You can start building a tub enclosure by framing your tub. Construct a frame out of 2 x 4 lumber for every side of the tub not connected to the wall. Every side of the frame should compose of 2 pieces of wood the length of the side it is adjacent to. The two long pieces are supported by 2 x 4 studs placed every 16 inches. Then, the frame should be about 3/4-inch below the rim of the tub, just enough for the plywood and the tile to fit under the rim. Proceed by nailing the frames together and then attach each frame to the wall and floor with nails and construction adhesive of your choice.

Step 2: Attaching the Frame to the Wall and Floor

As often recommended, you can make the ledge of your enclosure as wide as you want. To extend your ledge on both sides, construct a second frame a few inches longer than the first and then install it parallel to the first frame. If in case you want your ledge to be wider than 16 inches, then build a third frame. Proceed by anchoring these additional extensions to the wall and floor parallel to the previously installed frames.

Step 3: Covering and Sealing the Frame

How to cover the frame? Simply attach ½ inch CDX plywood to the sides and tops of the frame with nails. There is also an alternative for that.

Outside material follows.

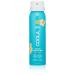 COOLA Organic Sunscreen SPF 30 Sunblock Spray, Dermatologist Tested Skin Care for Daily Protection, Vegan and Gluten Free, Pia Colada Spray (2 Oz)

Just use a moisture resistant wallboard. Also, use a caulk to seal all of the joints between the bathtub and the covered frame. Coat the wallboard or plywood with moisture resistant primer in order to seal it. And, let the primer dry completely.

Step 4: Tiling of the Tub Enclosure

You can cover the plywood or wallboard with a tile, wood or any finishing material once it is dry. Then, seal the finishing material well with tile grout, and proceed by caulking all the joints to prevent water damage.

Step 5: Caulking of the Joints

Once the tile or finishing material has been caulked and dried, you can apply a layer of caulk around the bathtub. Simply line all the edges of the tub with masking tape to make a straight line with the caulk. Then, apply the caulk to the edges of the tub and smooth it with your finger. Let it dry thoroughly and remove the tape.

That’s simply it! So, good luck with your bathroom installation project.